LE ROYAUME MINUSCULE

 

 

roman

 

 

Éditions Léo Scheer

 

« Inutile, il échappera aux malheurs. »

Tchouang-Tseu

I

Moi

J’ai l’habitude de m’entendre dire quelque chose à quelqu’un et de penser que ça sonne faux. Ça fait partie de mon quotidien. Je n’y fais presque plus attention. Les gens autour de moi, eux, sonnent juste. Ils disent des choses de la plus haute importance, des choses excessivement drôles, des choses un peu osées, des choses affreusement sincères, des choses tout ce qu’il y a de plus stupides ou des choses chiantes au possible, et ils sonnent juste en les disant. Ils n’ont pas l’air d’y penser. Moi oui. Je me demande vite fait comment énoncer les choses, avant de les laisser dégouliner. En général je me décide pour la mauvaise façon de les dire, les mots qui sortent de ma bouche n’ont pas une texture consistante. Ainsi, j’ai perdu un temps précieux, j’ai gâché ma chance. Dans mon hésitation honteuse, je me suis fatiguée, j’ai fatigué l’autre, et en plus le résultat est minable.
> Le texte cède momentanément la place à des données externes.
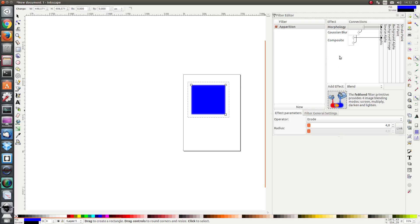These effects require an input and also have an output. Possible inputs for each effect are the output of a previous effect, like we see here in Gaussian blur — the input for the Gaussian blur effect is the output of the morphology effect. Another possible input is the source graphic, which is just the object to which the filter is applied, or the source alpha, which is the same but only the alpha channel is considered.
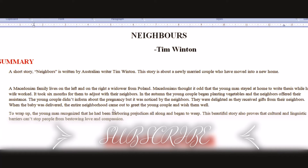When the baby was born, the entire neighborhood came out. The entire neighborhood became happy and congratulated the young couple and wished them well.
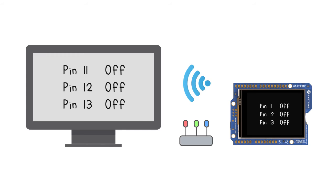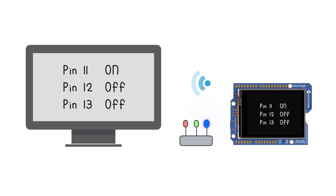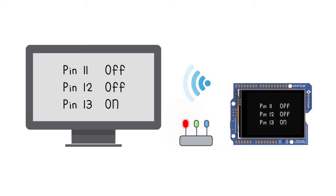The FORDUINO answers by giving data to the browser which indicates the state of the digital pins 11 to 13. The state of the pins are also displayed on the LCD.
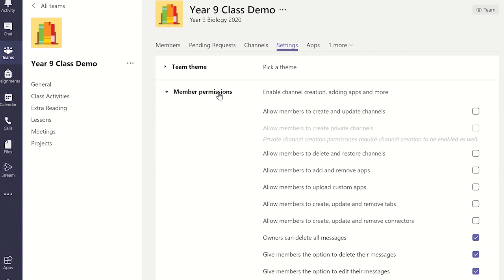Now you can choose the message options for the members and you can allow owners of the team, which could be you or other co-teachers for the class, to be able to delete any message posted.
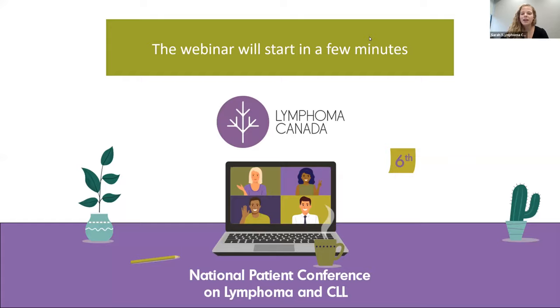Hi everyone, my name is Sarah Isenga, and I'm the new manager of patient programs, research, and advocacy here at Lymphoma Canada. Thank you for attending the second educational session of the day on challenges and inequalities of accessing lymphoma and CLL treatments in Canada.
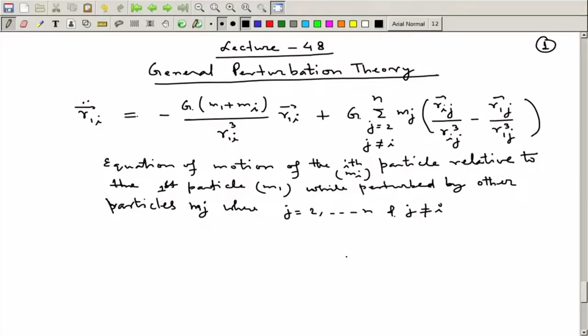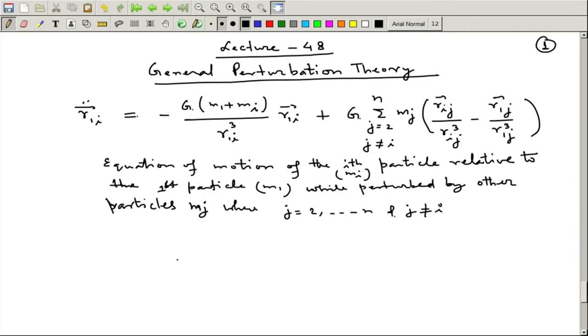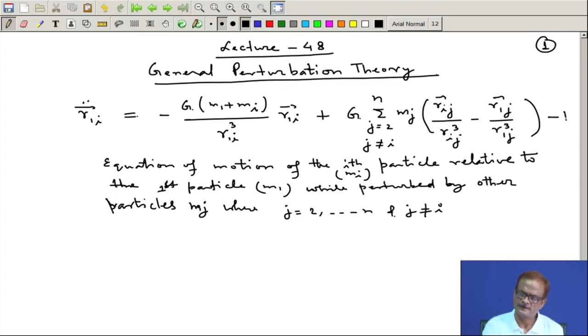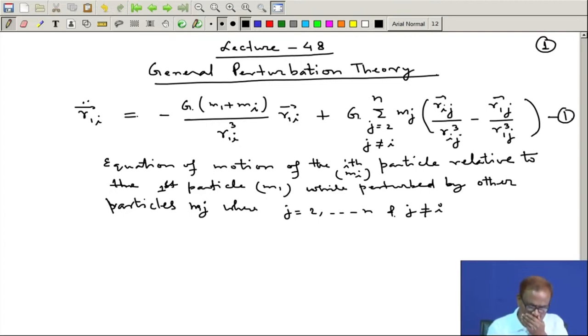We have been discussing general perturbation theory. In that context we obtained the basic equation, which we derived in the last lecture. We name this as equation 1.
Je crois que mon problème réside dans cette malheureuse évidence que j’ai plusieurs voix mais qu’aucune d’entre elles ne m’appartient.

Je ne décèle jamais la moindre hésitation dans la voix des autres ; les autres n’ont qu’une seule voix à leur disposition. Même s’il s’agit d’une voix aigrelette, la personne a l’avantage d’être propriétaire d’une voix unique, propre, constante, qui se maintient tout au long de sa vie, comme une amie fidèle. Moi, je ne peux pas compter sur ma voix, elle a trop d’acolytes, elle s’éparpille.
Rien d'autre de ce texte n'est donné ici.